Hemming and seaming are very similar sheet metal forming processes in which sheet metal is mechanically joined by bending it. Adhesive can also be used during the hemming and seaming operation. In the automotive industry, hemming is more common than seeming. An area of the vehicle where a closed hem can be observed is the front hood of a vehicle. The front of the hood inner is home to the hood latch system which must keep the hood secured to the vehicle, while the vehicle is in motion. The back end of the hood inner is also designed to endure the loads associated with the hood hinge system.
A hood is usually designed with an outer class A panel and a hood inner. The hood inner is the structural member of the hood assembly, while, the hood outer is the front closure class A surface or exterior skin of the hood. You would not want to weld these two parts together since that would ruin the class A finish which is why they are attached via a hemming operation. Automakers will sometimes put adhesive around the hemmed flange to ensure the hem will not become undone.
What is the importance of automotive fasteners?
The only time automakers prefer mechanical fasteners (clips/bolts/ screws) over a more permanent joining method (welding/adhesives) is when the component needs to be serviced. Another reason why automakers might have to use mechanical fasteners is due to weld gun/robot clearance being insufficient to reliably join parts together using welding or adhesive. Mechanical joints usually require assembly workers to manually install each fastener thus making them too slow for assembling body components compared with the available welding processes. Since this is a more manual process it leads to higher overall costs. For the most part, automakers prefer to avoid mechanical fasteners since they tend to cost the most out of all the joining methods.

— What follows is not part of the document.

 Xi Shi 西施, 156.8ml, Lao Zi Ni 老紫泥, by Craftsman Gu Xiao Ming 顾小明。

Where are mechanical fasteners used?
Common fastener applications in the automotive industry are in assembling many chassis and suspension components. In recent years, several mechanical joining methods that do not require predrilling are finding greater use in assembling sheet metals for body applications, especially with aluminum-to-aluminum and aluminum-to-steel joints. Below is a breakdown of the benefits of using adhesive-bonded joints versus mechanically fastened joints.

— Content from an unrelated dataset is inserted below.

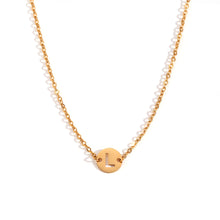 Cargar imagen en el visor de la galería, Collar letra - Acero dorado 316L baño oro 18k - Elige tu letra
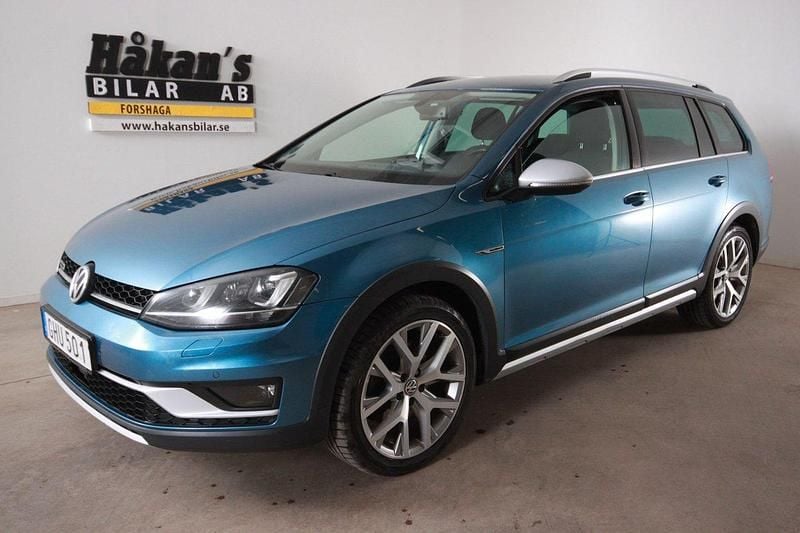Blå Begagnad 2016 VW Golf Alltrack Kombi | 129 500 kr (Bra pris) - Bild 1/4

Adhesive-bonded joints | Mechanically fastened joints using bolts and nuts |
Distribute the load over a larger area | Permit quick and repeated disassembly for repairs or replacements without destroying the substrates |
Do not require predrilled holes | Greater resistance to out-of-plane loading |
Higher fatigue resistance due to lower stress concentration | Require predrilled holes that cause stress concentration, interrupt fiber continuity, and introduce local damages (such as delamination), which may reduce the strength of the composite |
Are susceptible to failure due to out-of-plane loading | Add weight to the structure |
Add very little weight to the structure | Are easy to inspect |
Increase the stiffness of the structure | No special surface preparation needed |
Are difficult to disassemble without either damaging or destroying the substrates | May create a potential galvanic corrosion problem, for example, in an aluminum fastener if it is used for joining carbon fiber-reinforced epoxy composite |
Are difficult to inspect for joint quality (e.g., unbonded or disbonded sections and voids) | |
May require surface preparation, including grit blasting and priming, to improve bonding | |
May be affected by service temperature, humidity, and other environmental conditions |
References:
- P.K. Mallick, Chapter 8 – Joining for lightweight vehicles, Editor(s): P.K. Mallick, In Woodhead Publishing in Materials, Materials, Design and Manufacturing for Lightweight Vehicles (Second Edition), Woodhead Publishing, 2021, Pages 321-371, ISBN 9780128187128, https://doi.org/10.1016/B978-0-12-818712-8.00008-2.(https://www.sciencedirect.com/science/article/pii/B9780128187128000082)
- Yogesh Dewang, Vipin Sharma, A study on sheet metal hemming process, Materials Today: Proceedings, Volume 27, Part 3, 2020, Pages 2091-2095, ISSN 2214-7853, https://doi.org/10.1016/j.matpr.2019.09.074 (https://www.sciencedirect.com/science/article/pii/S2214785319333176)